Thursday, November 8, 2012

The power of motherhood was dramatically shown here at the Hermitage recently when two Muscovy mothers hatched their broods and then lost them.

One stands sentinel near the shed where she had sat on her eggs for week after week, leaving only once a day, briefly, for food and water, until they hatched, seven of them. And I took four of them away from her. She hissed and flew at me to keep me away. It was all she could do and it wasn’t enough. I took the four precious yellow, fuzz-covered ducklings and put them under a heat lamp. They’re still living, bigger each day. And they will stay indoors until their feathers come out and they’ll be able to survive on their own. I didn’t take all of them because that would have hurt her too much, such loss after so much preparation, so much loving care for her babies, keeping them warm with down plucked from her breast and with the gentle heat from her body activating the precious chemicals in each egg to create life. I knew she would lose them but, as I said, I couldn’t take all of her babies. And lose them, she did.

Something came in the dark, as I knew it would, probably a fox, maybe an opossum or a badger. It would have come quietly, slowly, and I’m sure the mother duck was aware of it. She was always on the alert, always making sure her babies were safe. But once the predator actually attacked, there was no way she could defend her children or even herself. She had no claws, no teeth, all she could do was scream with her babies as they were taken away to be eaten alive, a grotesque end for such pure, innocent beauty.

Now she watches daily, as I said, looking for her babies that will never return. Finally, she will return to the flock by the pond and, hopefully, next year will try again. Thankfully we have four of her babies though she will never know that.

It was the night of Hurricane Sandy. The wind was howling and the rain was horizontal. And there they were, right by the chicken yard, I couldn’t believe it, a mother duck and her newly-hatched babies, all looking lost and bewildered, even the mother. Why, on this night of all nights, did her babies have to hatch out? But there they were, six this time. I quickly swept four of them into a bucket and brought them indoors, placing them under the same heat lamp with the others.

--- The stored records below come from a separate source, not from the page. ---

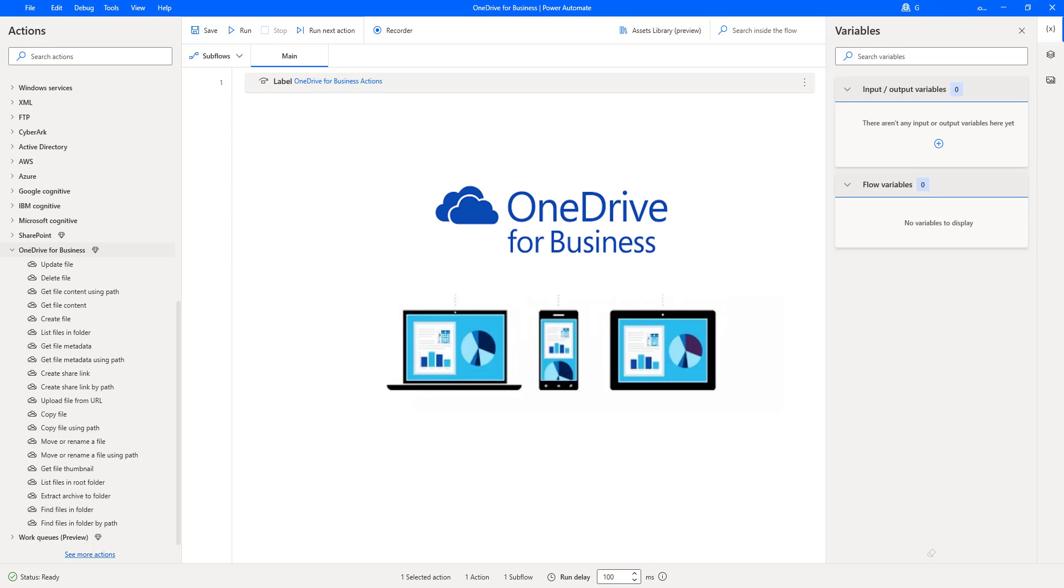By using OneDrive for Business, we can share files, sync files, store documents, collaborate anywhere and protect our business documents.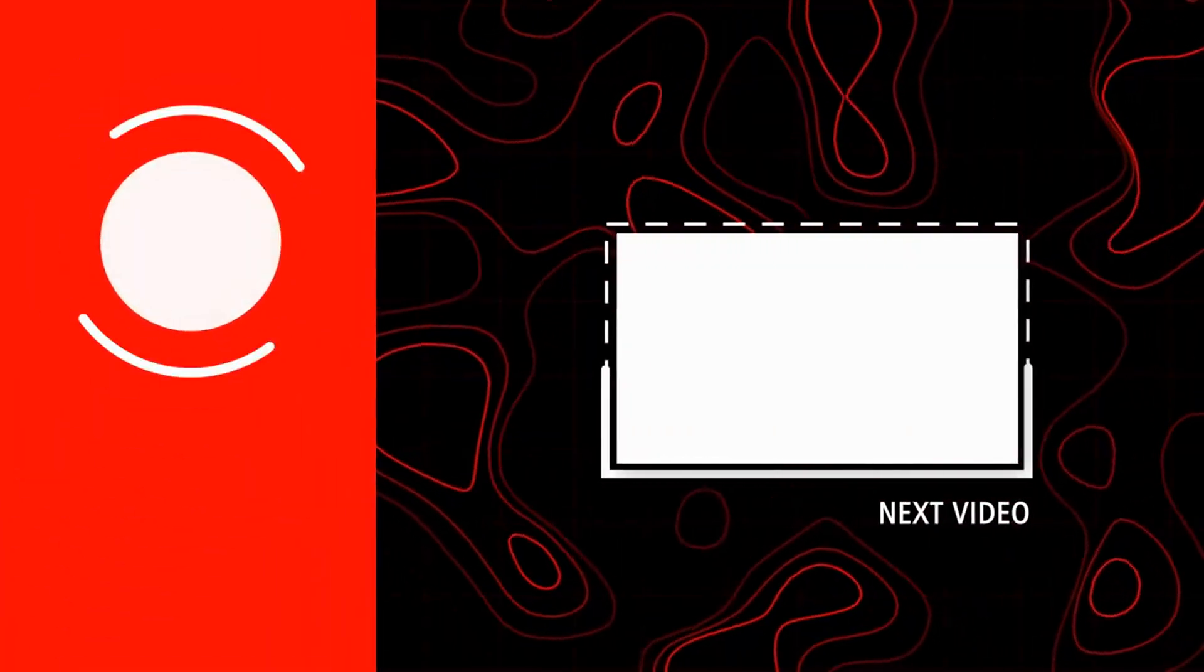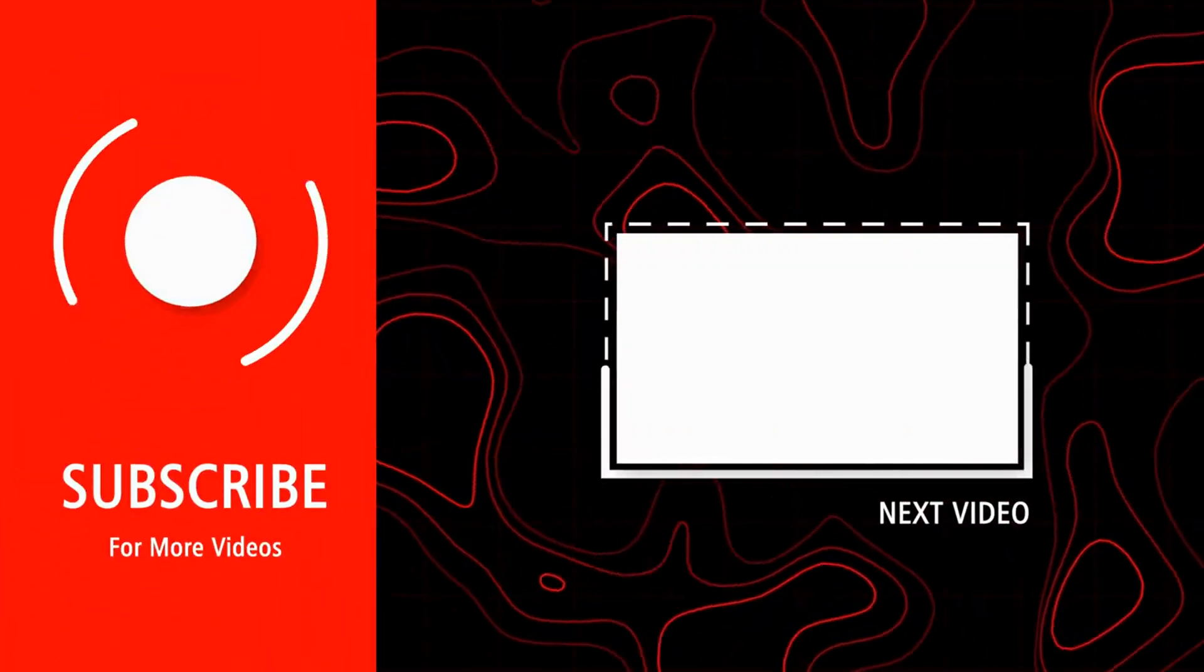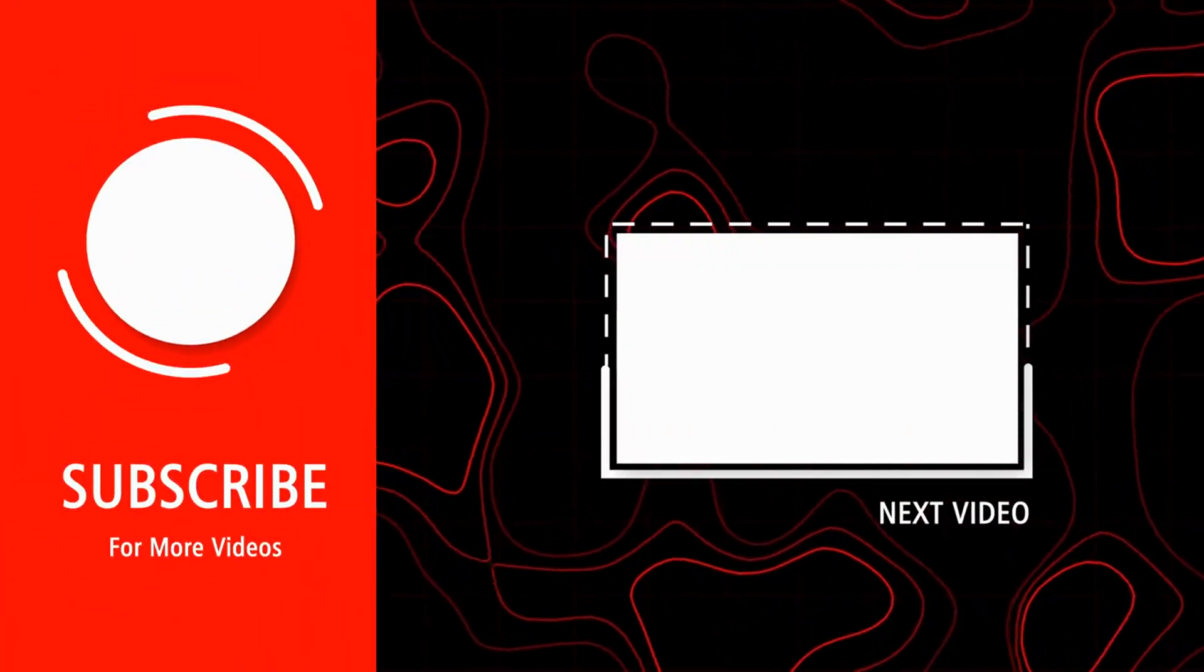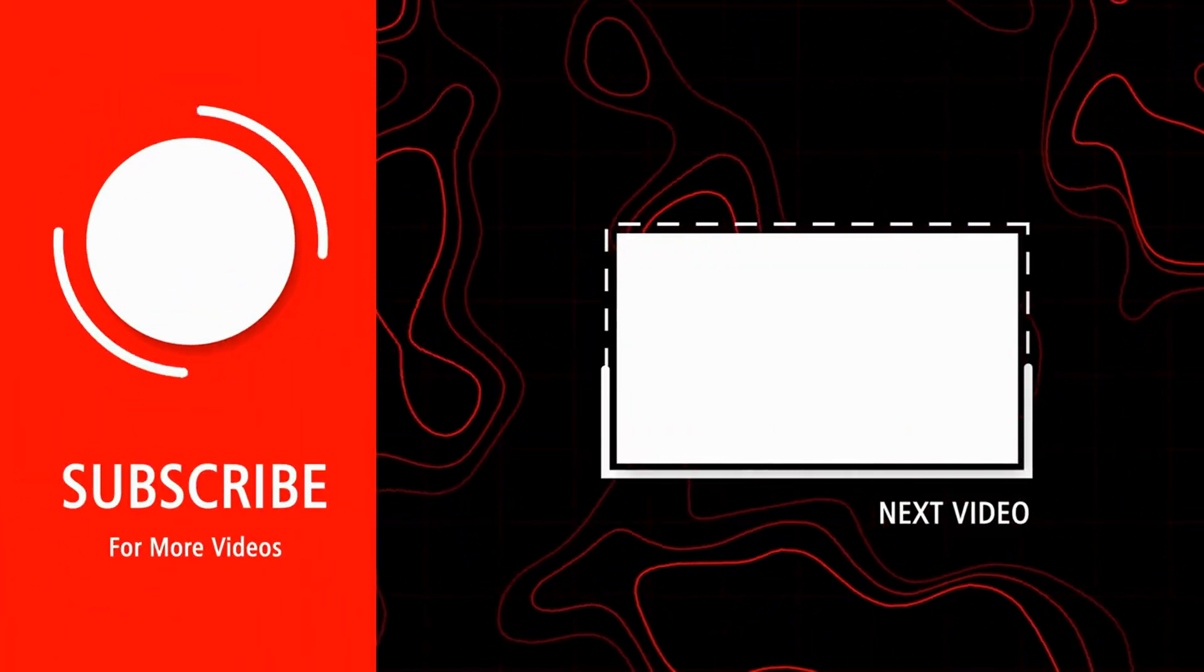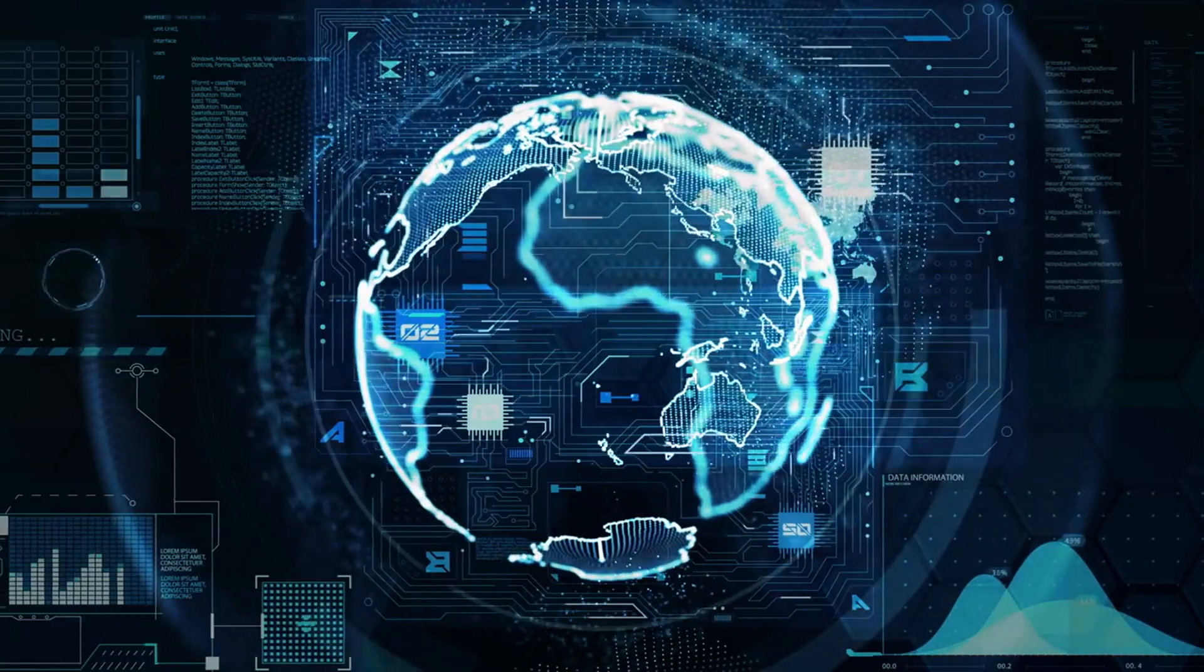Hit that subscribe button now and join us as we explore the ever-expanding frontier of artificial intelligence. Thank you for watching.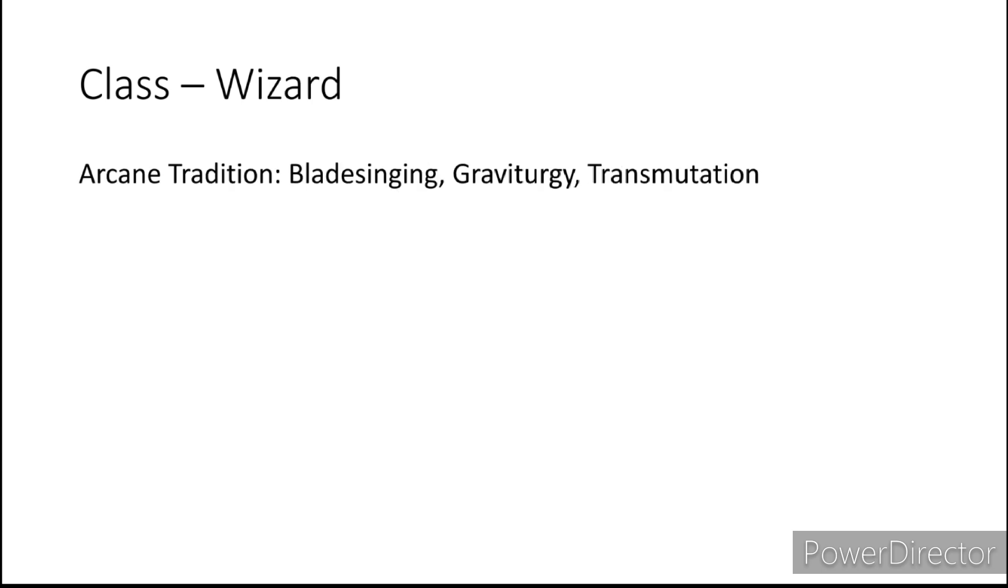And finally with our Wizard class, the Arcane traditions that I think are going to be the most common among Merfolk are going to be Graviturgy and Transmutation, especially with those in the Simic Conclave. But I would also recommend Bladesinging since Zendikar has a bunch of Elves. I don't think they're going to be too stingy with their way of magic. Doesn't even seem that way from an outsider's perspective.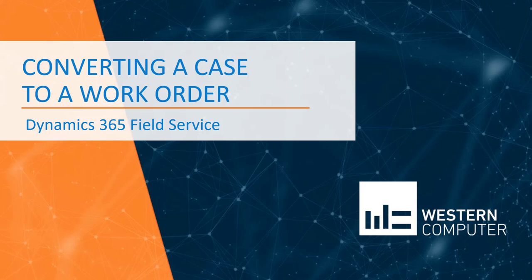My name is Tanya Regnett with Western Computer, and today we're going to take a look at how easy it is to convert a case to a work order and schedule a resource in just a few clicks.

The next morning, the two baby ducklings were still living, sitting under their mother who covered them with her body from the still-falling rain. But it was cold and damp, not good conditions for freshly-hatched babies. The following morning I returned to the Hermitage and saw the mother standing sentinel beside a lifeless form, her one remaining baby was dead, the life sucked out of its fragile body by cold and damp. The mother just stood there as though waiting long enough would bring it back to life. It broke my heart as I picked up the lifeless form and took it away. The mother just watched me leave with her baby. There was nothing else she could do. She stood there for the longest time. She also doesn’t know that four of her babies live. How can I tell her? How can I let her know that all those weeks were not in vain? That life from her body remains? No, she will never know. But I know. And her children live.